Wow, two amazing replies in just a couple hours. Thank you.

Next year I’ll have a larger budget for materials, and I have the benefit (sort of) this year to make my dollar stretch because I’m already a third of the way through the school year. By the time I get set up I’ll only have about 300 remaining students for the year (I get 150 at a time, separated into six classes for a nine week period).

If I am fortunate enough to have a few years in this position (this is my first year), I will really be able to develop a good program. My focus is engineering with technology, so printers and CNC go right along with that. I’ll also get into casting of resins and such, but that won’t be this year unless I put in my own money (or, actually, MORE of my money. I’ve already spent a lot of my own).

The application part of the class (other than the machinery and tools) will be inventions and innovations on a small, practical level. This is the part I’ll struggle with (am struggling with). I want kids to invent gadgets and make them. For now they are of the mind that they want to make what has already been invented and they think downloading an STL file and adding their initials is innovation.

I want their minds to think like engineers and solve problems. And, yes, I want them to make fun gadgets, but only if they have a practical purpose.

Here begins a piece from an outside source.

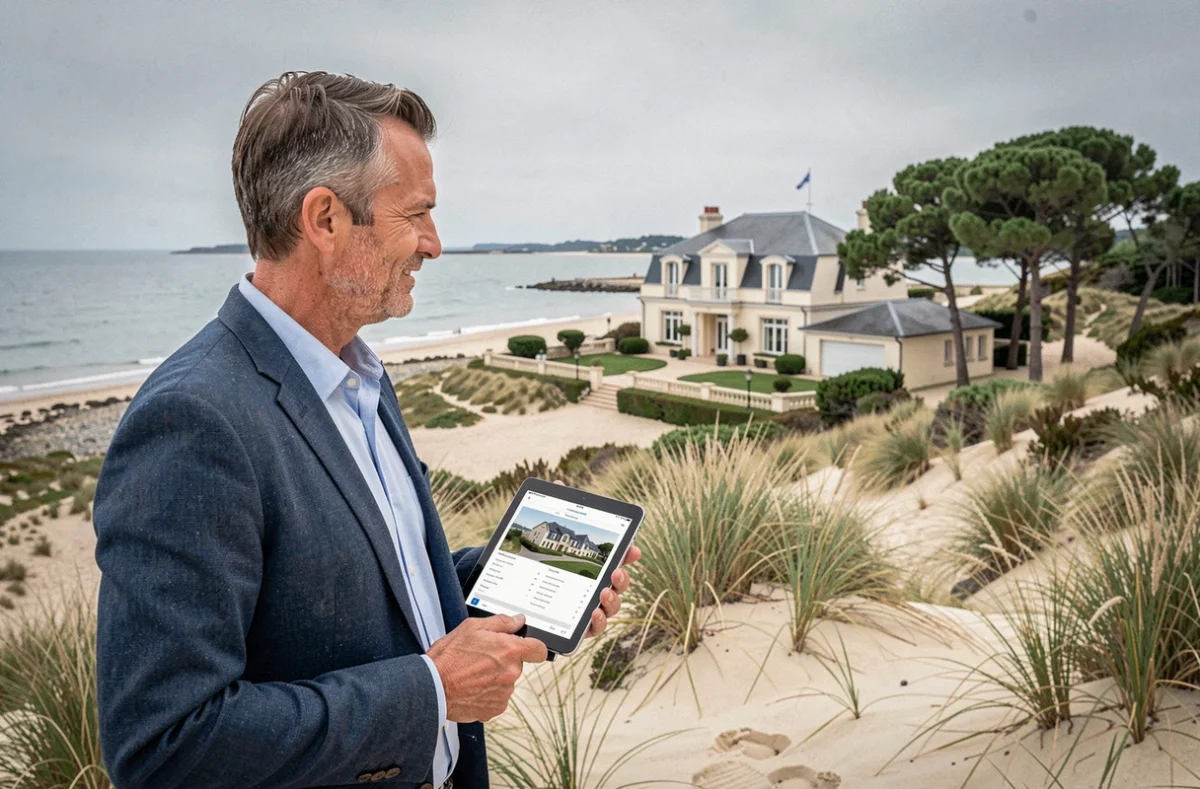 Expert immobilier du cabinet Dune et Patrimoine évaluant une villa en bord de bassin d'Arcachon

When students want to make something, my first question is “What does it do?” If they can’t answer that, then the project isn’t for my class. I tell them, “I love art, but this isn’t an art class.” They have a difficult time with that concept and want to make Nike logos and such.

I’m on a journey. Hopefully I can make a big difference.

Background: 21 years of teaching elementary school (all subjects), first year teaching middle school engineering and technology. My job feels like a dream come true. I’m so happy to have this opportunity.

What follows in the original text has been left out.